The result gives Clark County decidedly less influence on the transit agency’s board as it transitions to an all-Republican commission for the first time in decades. Commissioner-elect Jeanne Stewart is expected to be sworn in as soon as next week, joining fellow Republican commissioners Tom Mielke and David Madore.
Under the new C-Tran board arrangement, the county will drop from three seats to two. The city of Vancouver will keep its three seats. Battle Ground, Camas and Washougal will each have their own seats. La Center, Ridgefield and Yacolt will jointly share the final seat.
The change also means the “bloc veto” power held by the county and Vancouver since C-Tran’s inception in 1980 is now eliminated.
A 10-member board composition review committee, represented by every jurisdiction served by C-Tran, approved the change by a 7-3 vote. Madore and Mielke joined Yacolt Mayor Jeff Carothers in voting no.
Madore urged the committee to maintain a balance of power between the county and Vancouver. He had supported the county’s giving up a seat to boost the small cities’ representation, but only if Vancouver did the same.
“Do not bring an imbalance and concentrate power to the urban center,” Madore said.
Vancouver Mayor Tim Leavitt rejected the notion that the new arrangement concentrates undue influence to his city. At one point, Leavitt suggested Vancouver should have five votes on the nine-member board. He and others have noted that Vancouver accounts for almost 60 percent of C-Tran’s sales tax revenue, and more than 80 percent of its ridership.
Leavitt said Vancouver has collaborated with its partners at C-Tran in the past, and will continue to do so. Suggestions of a power grab are “preposterous,” he said.
“The history doesn’t show that, nor does the future bode that,” Leavitt said. “We want to do what’s best for the entire county.”
Camas, Washougal and Battle Ground had all expressed their interest in having their own seats on the board, and reiterated that stance Tuesday. The cities also wanted to see the veto, though seldom used, go away.
Tuesday’s decision grants that wish. The new board could, however, decide to enact a new veto rule if it chooses.
The new C-Tran board will likely be seated in January.
The C-Tran board now has nine voting members: three Vancouver City Council representatives, three Clark County commissioners, and three seats shared in pairs by Camas/Washougal, Battle Ground/Yacolt and La Center/Ridgefield. The board also includes a nonvoting labor representative.
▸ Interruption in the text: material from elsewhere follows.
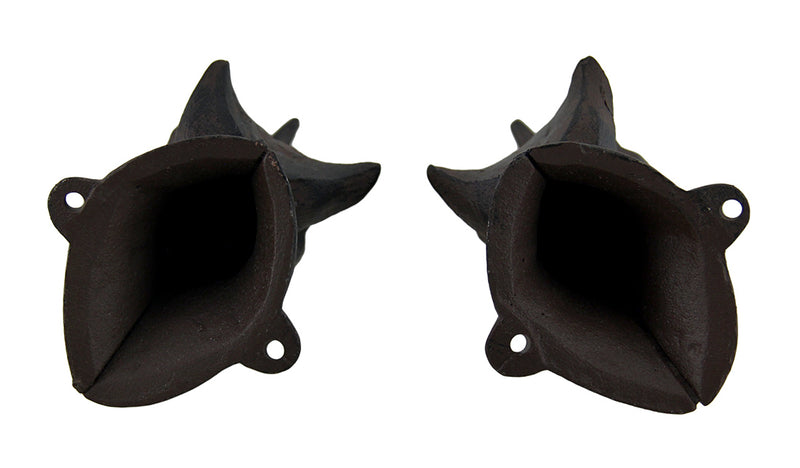 Set of 2 Rustic Cast Iron Rhinoceros Head Wall Hooks Image 3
The board composition review occurs every four years. This round has been anything but routine, resulting in a legal dispute and a court hearing while dragging on for a year and a half.
The committee first met in June 2013. From the start, several committee members expressed interest in giving the smaller cities more representation, at the expense of Clark County or Vancouver — or both. Vancouver, meanwhile, made it clear that it was not interested in giving up any of its clout on the board.
The process stalled amid questions about the fate of the veto power. In September, a judge ruled that the veto would be forfeited by both parties if either lost a seat on the C-Tran board. Currently, the agency’s bylaws say three negative votes by either the county or Vancouver automatically block any action approved by the rest of the board.
On Tuesday, Madore asked that the decision be delayed so Stewart could join the committee and replace interim Commissioner Ed Barnes. Mielke asked Barnes to abstain from voting, calling him a “short-timer” — a remark that drew an objection from Washougal Mayor Sean Guard.
“That is demeaning,” Guard told Mielke. “Commissioner, that is demeaning.”
In the end, Barnes’ yes vote didn’t affect the final outcome.